Le juge d'instruction du tribunal de première instance de Tunis avait décidé la semaine dernière de classer sans suite la demande du parquet de poursuivre la victime du viol et son fiancé pour «atteinte à la pudeur», un délit passible de six mois de prison ferme.

Dans l'après-midi, le ministère de la Justice a confirmé la décision du parquet de faire appel.

«Oui, c'est bien le cas», avait quant à lui indiqué le porte-parole du ministère, Adel Riahi, sans pouvoir préciser les motivations du procureur.

Les déboires judiciaires de cette jeune femme de 27 ans ont fait scandale en Tunisie et à l'étranger, nombre d'acteurs politiques et sociaux estimant que cette procédure transformait une victime en accusée.

Les policiers, accusés du viol, affirment avoir surpris la jeune femme et son fiancé en train d'avoir des relations sexuelles dans une voiture, en banlieue de Tunis, ce qui justifierait selon le parquet des poursuites pour atteinte à la pudeur contre le couple.

Deux agents ont violé ensuite leur victime à tour de rôle, tandis qu'un troisième policier conduisait le petit ami de la jeune femme jusqu'à un distributeur de billets pour lui extorquer de l'argent. Les trois agents sont incarcérés : deux sont poursuivis pour viol et le troisième pour extorsion.

«Nous n'avons pas encore eu accès au dossier, donc nous ne savons pas sur quoi se fonde» l'appel du procureur, a précisé Me Belhaj Hmida, ajoutant que «l'ensemble de la procédure et du travail du juge d'instruction» allait être réexaminé.
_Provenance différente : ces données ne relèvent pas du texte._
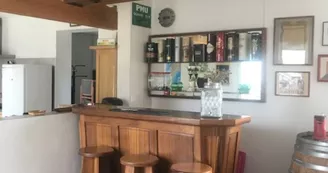 Villa Marena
Très critiqué, le gouvernement dirigé par les islamistes d'Ennahda, tout en condamnant le viol, a toujours souligné que la justice faisait son travail en enquêtant sur les accusations portées à l'encontre de la victime et de son fiancé.

Le ministre de la Justice, Noureddine Bhiri, avait attiré une grande partie de ces critiques en estimant début octobre que l'intérêt porté par les médias étrangers à cette affaire témoignait d'un complot contre le gouvernement.

Les Tunisiennes bénéficient du Code de statut personnel promulgué en 1956 pour instaurer l'égalité des sexes dans certains domaines, une situation unique dans le monde arabe. Elles restent cependant discriminées dans plusieurs cas, en particulier en matière d'héritage.

Les islamistes d'Ennahda avaient déclenché un large mouvement de contestation en août en proposant d'inscrire dans la nouvelle Constitution la «complémentarité» des sexes et non l'égalité, un projet abandonné finalement en septembre après une vaste mobilisation de la société civile.